• [Source material]:
□ □ □

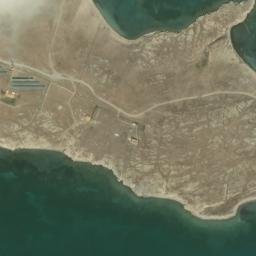 Satellite imagery of Cooper Point, GR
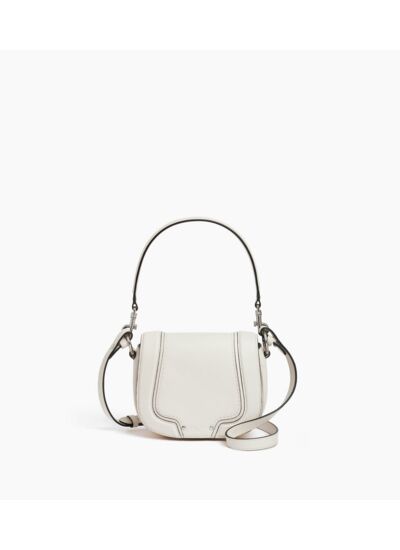 Petit sac bandoulière Ella en cuir grainé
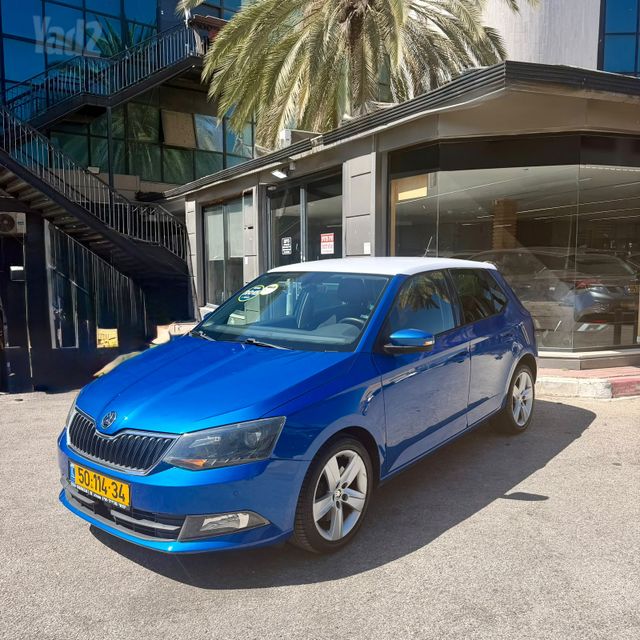 מודעת רכב סקודה פאביה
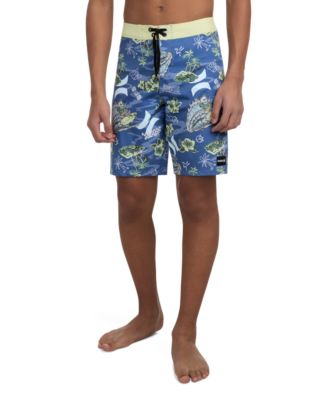 Hurley - Big Boys Doodles Isle Board Shorts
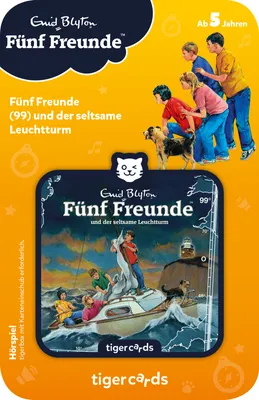 Produktbild von tigercard - Fünf Freunde - Folge 99: und der seltsame Leuchtturm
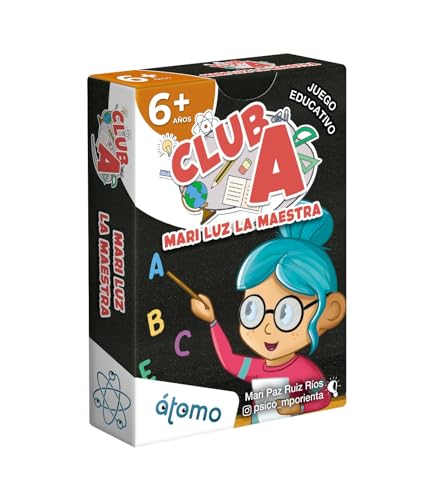 Atomo Games Club A. Mari LUZ LA Maestra. Juego Educativo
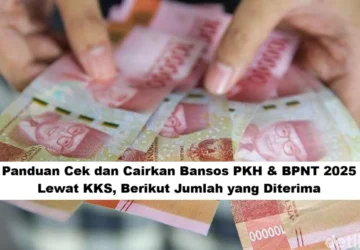 Pemerintah Cairkan Bansos PKH dan BPNT Tahap Terbaru, Berapa Jumlah Bantuan yang Diterima?
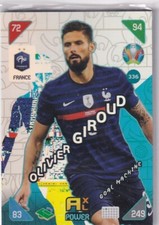 Panini Adrenalyn Euro 2020 Kick Off N° 336 Olivier Giroud Machine À Buts
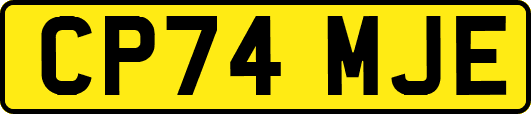 CP74MJE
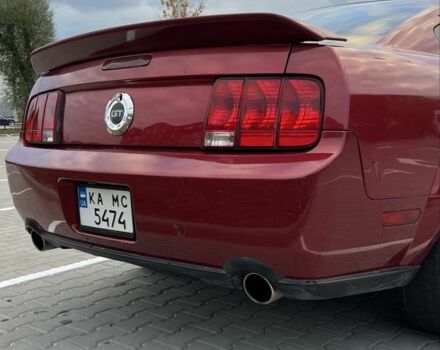 Форд Мустанг 2006 в Вишневом на Automoto.ua Красный Форд Мустанг, объемом двигателя 4.6 л и пробегом 110 тыс. км за 10500 $, фото 2 на Automoto.ua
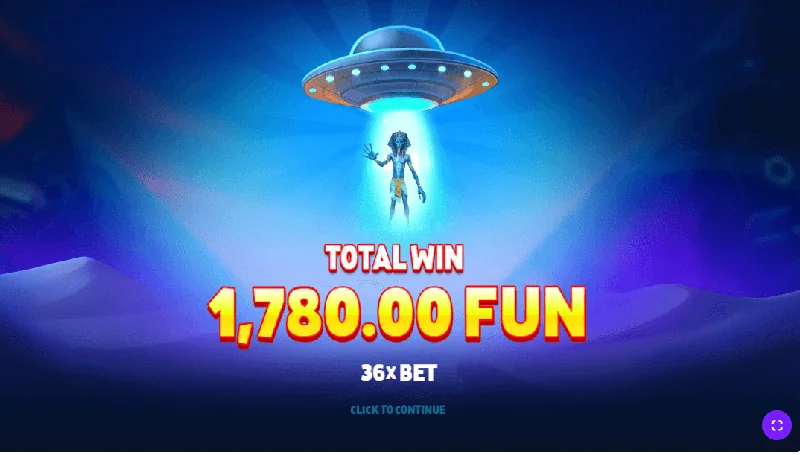 Captura de ecrã de UFO Pyramids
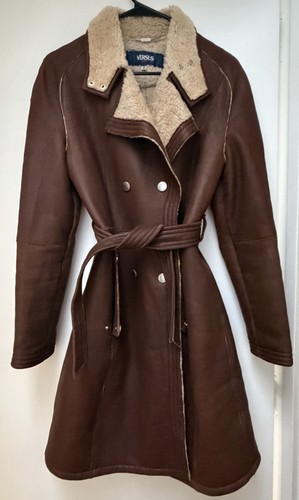 Manteau femme cuir - en, versus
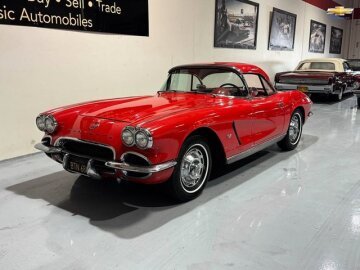 1962 Chevrolet Corvette Convertible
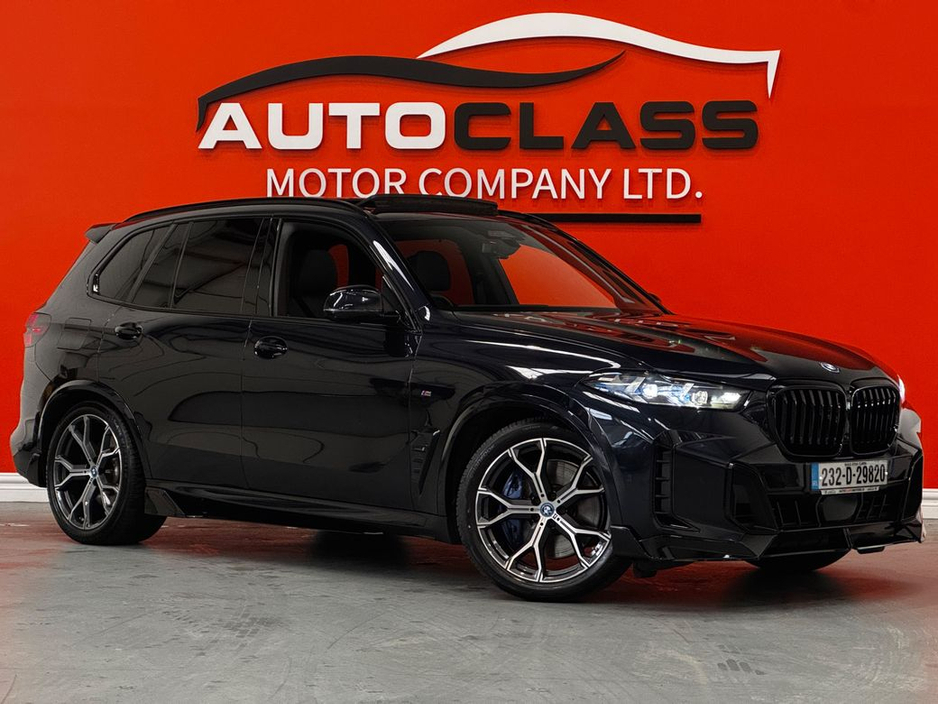2023 BMW X5 XDRIVE50E M SPORT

□ □ □

• [Exercise aim]: The answer consists of the lines from the one holding "Форд Мустанг 2006" to the end of the records, inclusive, restated exactly and without pictures.

• [Task response]:
 Форд Мустанг 2006 в Вишневом на Automoto.ua Красный Форд Мустанг, объемом двигателя 4.6 л и пробегом 110 тыс. км за 10500 $, фото 2 на Automoto.ua
 Captura de ecrã de UFO Pyramids
 Manteau femme cuir - en, versus
 1962 Chevrolet Corvette Convertible
2023 BMW X5 XDRIVE50E M SPORT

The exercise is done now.